Informed Choice - Finding a Massage School

So, I went to massage school 6 years ago. This is not an awfully long time ago, but it is enough time to observe a huge change in the education industry. The three major massage schools in my state have all changed ownership, been sold, or been eaten by a monster company. I have people who ask me where they should go for massage school. Well, I have no idea! When I went to massage school, I looked at massage schools all over the country. Since I was moving, and was not exactly set on where, this was no problem for me. Luckily for normal people, most states have more than one choice of school. Even with many of the schools being owned by the same company, every school is different. The schools philosophy and the individual people who teach there will have the greatest impact on the education you walk away with.
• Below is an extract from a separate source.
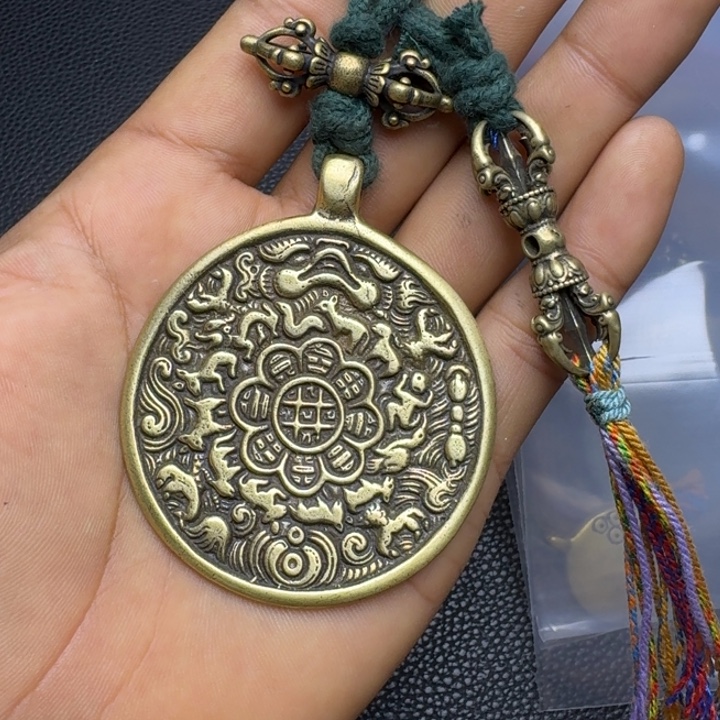 云***眠泥塑藏式风格九宫格..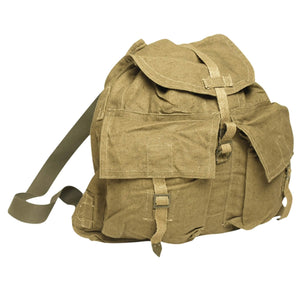Tschechische Armee CZ/SK Kleinrucksack M60 mit Koppeltragegestell gebraucht - ASMC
When I started school, I knew I wanted to do something that looked more like treatment/medical massage. Thus, I considered the curriculum of each school, the internships available, AND the cost. I am far from provided for, and some schools require you provide a lot of your own equipment early on. This can get pricey since you have no idea if bamboo fiber sheets are really that much better than flannel, or if you will really use that extra low table feature....ever. Some schools are farther left in the world of natural healing than others. What matters is finding the school that is marching to your own little beat.
This worked out for me.
I picked the school that seemed to focus the most on the treatment of injuries and maintenance of the body. I went through a full year of anatomy, physiology, and knesiology (instead of the 6mo some schools provide). Also, I got to intern at a hospital. These extra learning experiences made all the difference when it came to my confidence in treating clients and my eventual move into training and managing other therapists.
Another thought to consider beyond what I wanted to do in my practice, was where I wanted to do my practice in ten years. Since massage is not regulated at the national level, every state has its own set of requirements. My way around this was to attend school in a state that had some of the highest standards, that way when I moved again (nomadic much?) I would not be finding myself back in school. Thankfully, there is the National Board Certification which also covers folks who find themselves less rooted.
The truth is, you can find a school almost anywhere. The key is to find YOUR school. Mine, unfortunately, is gone. Sold, then sold again, I can no longer herd seekers that way with confidence. Ah well, in the words of Tori, "all will find its way in time". She probably means us, too.